Crawled caption data:
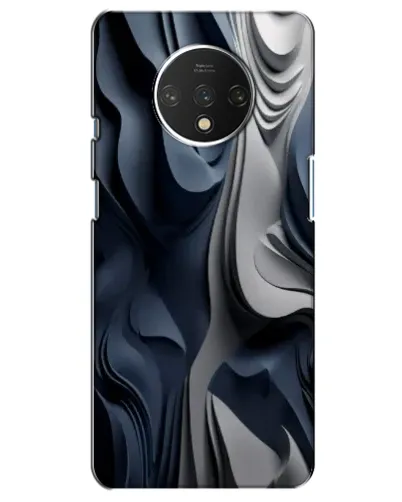 Чехол для OnePlus 7T с картинкой «Объемные синие складки» Чехол для OnePlus 7T с картинкой «Объемные синие складки»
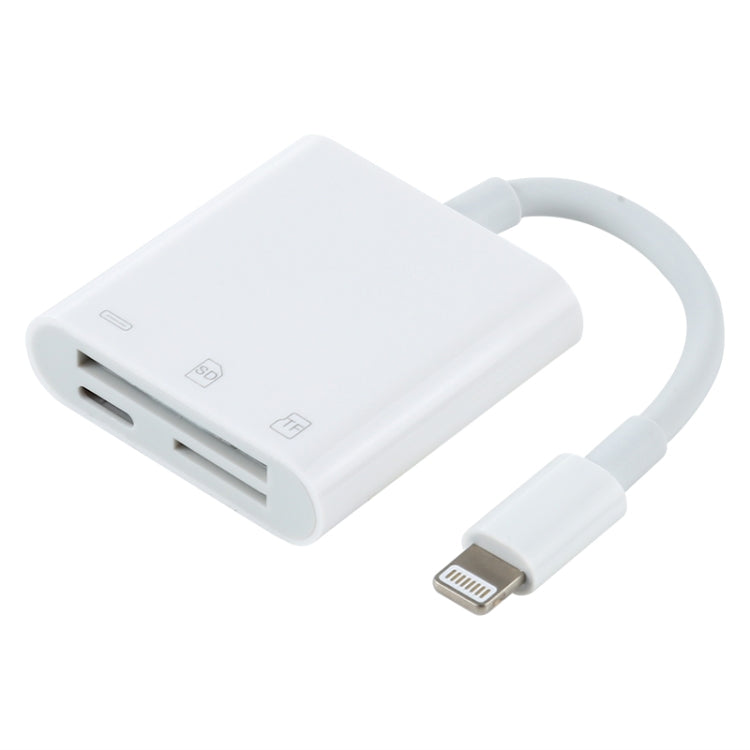 NK-101Y Pro 8ピン to 8ピン + SD + TFポート 3-in-1 カメラリーダーアダプター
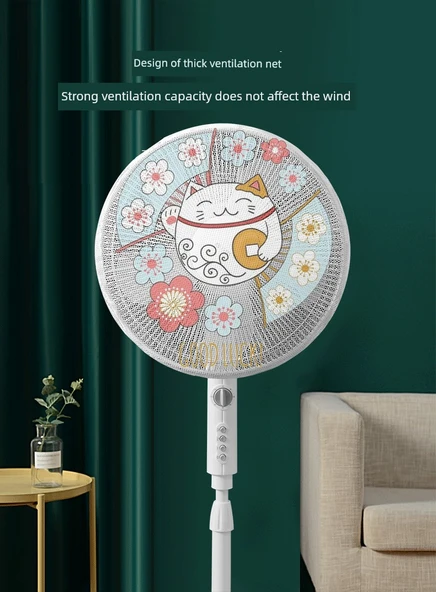 Çocuklar için Güvenlik Fan Kapağı - Uyumlu Dinozor [1 Paket] 40-50cm - 10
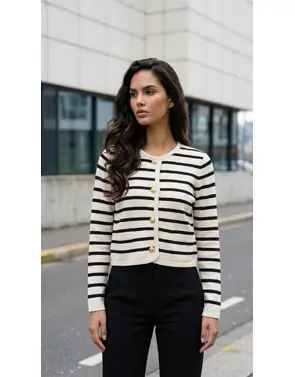 Garde-robe - Gilet - Zwart-wit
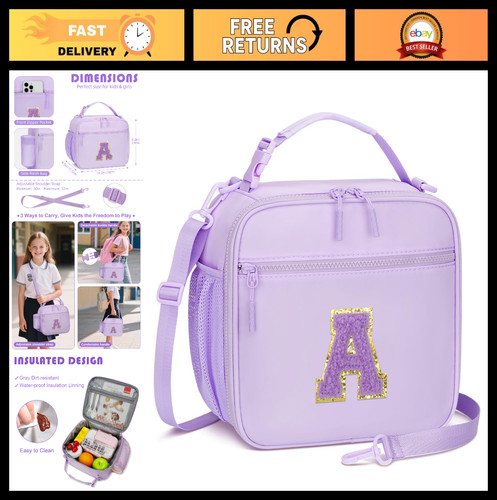 Large insulated kids lunch - insulated, box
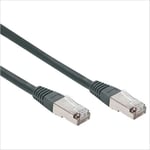 Adnauto - Cable Reseau RJ45 sftp Blinde Categorie 6 - 50m - Noir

What is being asked: All lines from the line with "Çocuklar için Güvenlik" through the final line of the data, both included, are to be repeated exactly; no other lines and no pictures.

Solved problem:
 Çocuklar için Güvenlik Fan Kapağı - Uyumlu Dinozor [1 Paket] 40-50cm - 10
 Garde-robe - Gilet - Zwart-wit
 Large insulated kids lunch - insulated, box
 Adnauto - Cable Reseau RJ45 sftp Blinde Categorie 6 - 50m - Noir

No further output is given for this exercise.